Try it. Copy out exactly the stretch below, from the line with "LanzouPlus-��Դ�����������ƿ�Դ�ͻ��˹���" through the line with "探究如何查看Windows电脑配置（教你轻松了解你的电脑硬件信息）", both included; the pictures stay out.

Records for this exercise.
•••
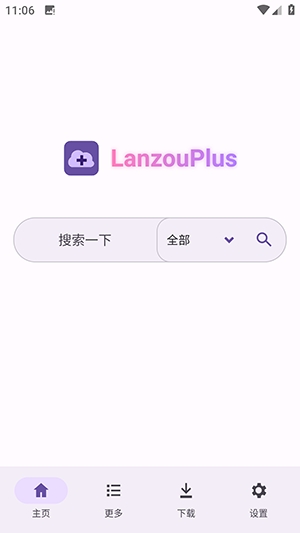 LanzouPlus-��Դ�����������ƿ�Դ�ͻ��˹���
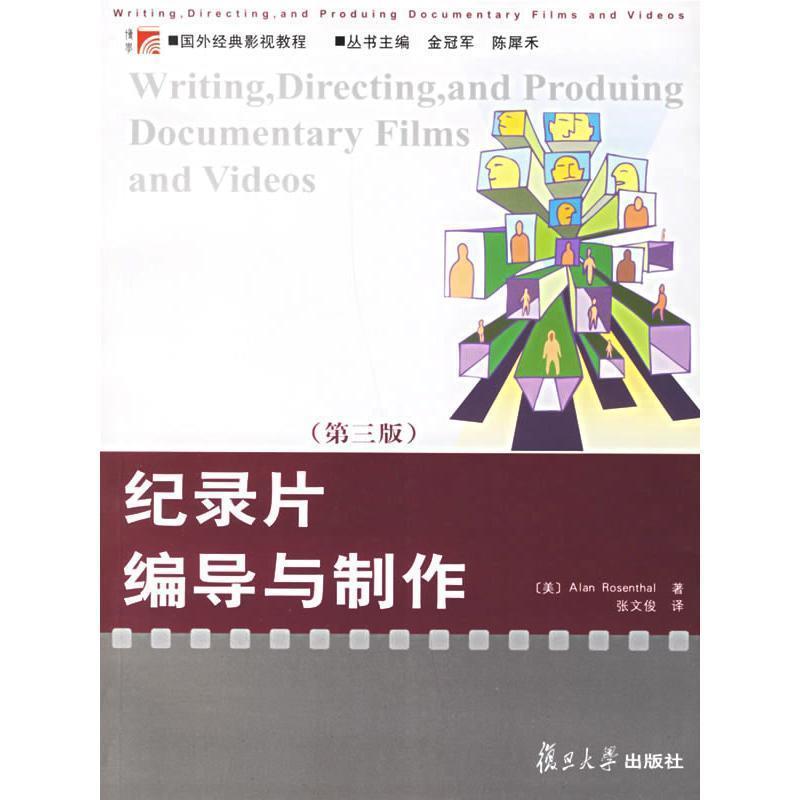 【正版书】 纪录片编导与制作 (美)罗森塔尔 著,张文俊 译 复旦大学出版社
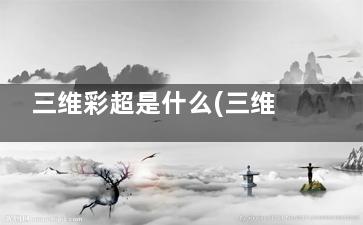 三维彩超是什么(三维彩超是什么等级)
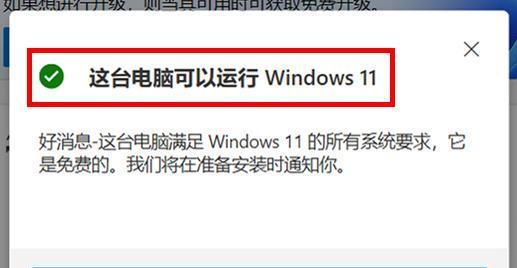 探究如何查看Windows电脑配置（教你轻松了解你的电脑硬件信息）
•••
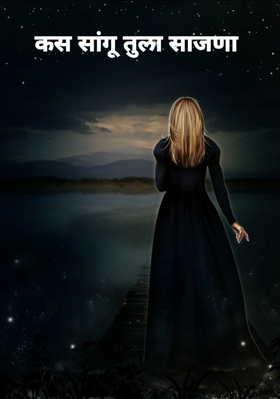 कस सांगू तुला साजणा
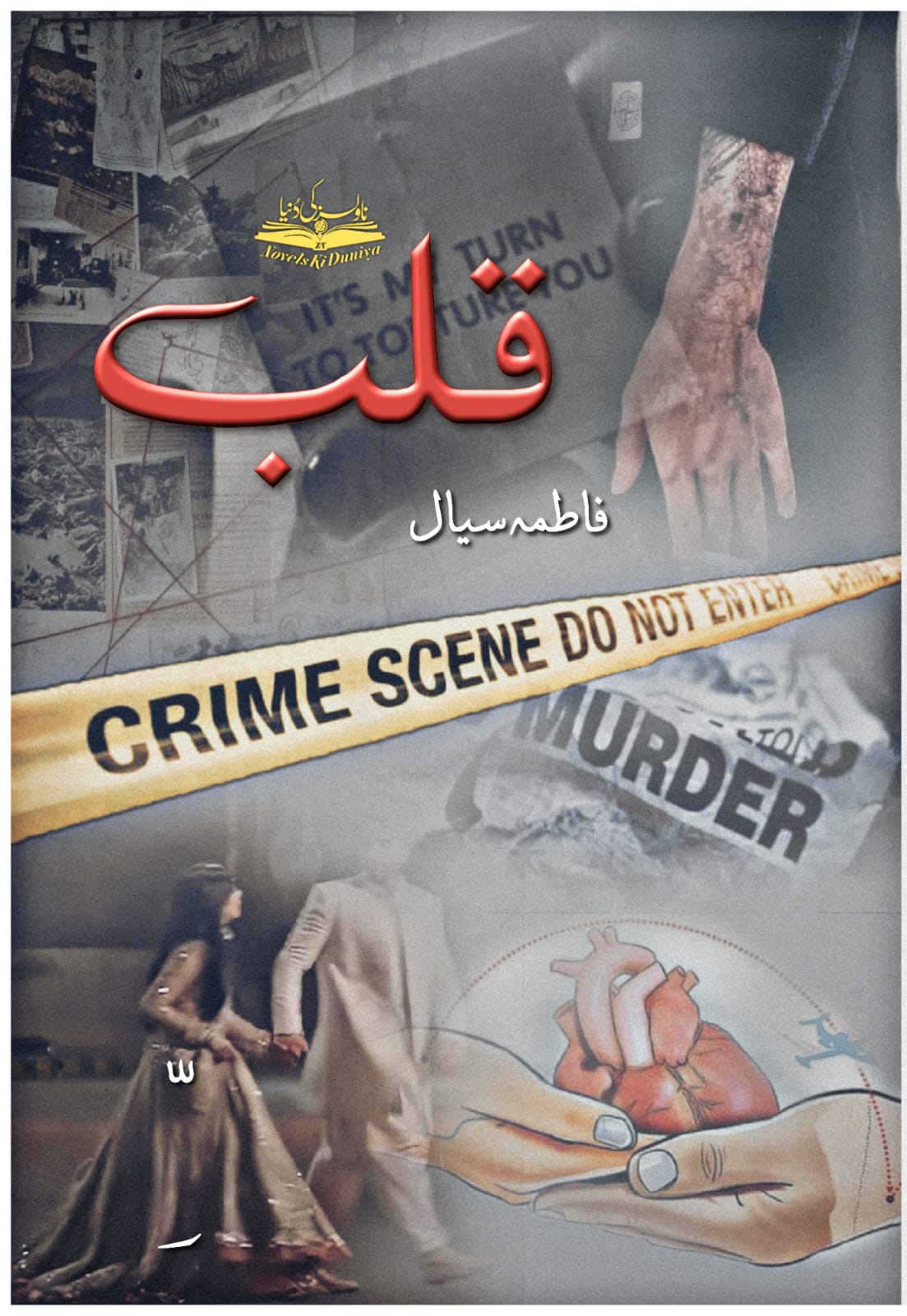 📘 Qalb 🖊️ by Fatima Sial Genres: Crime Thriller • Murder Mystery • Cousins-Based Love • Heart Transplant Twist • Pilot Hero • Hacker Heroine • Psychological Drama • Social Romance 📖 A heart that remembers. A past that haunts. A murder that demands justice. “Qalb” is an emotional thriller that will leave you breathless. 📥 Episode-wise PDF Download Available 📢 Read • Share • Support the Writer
•••
Written reply.
 LanzouPlus-��Դ�����������ƿ�Դ�ͻ��˹���
 【正版书】 纪录片编导与制作 (美)罗森塔尔 著,张文俊 译 复旦大学出版社
 三维彩超是什么(三维彩超是什么等级)
 探究如何查看Windows电脑配置（教你轻松了解你的电脑硬件信息）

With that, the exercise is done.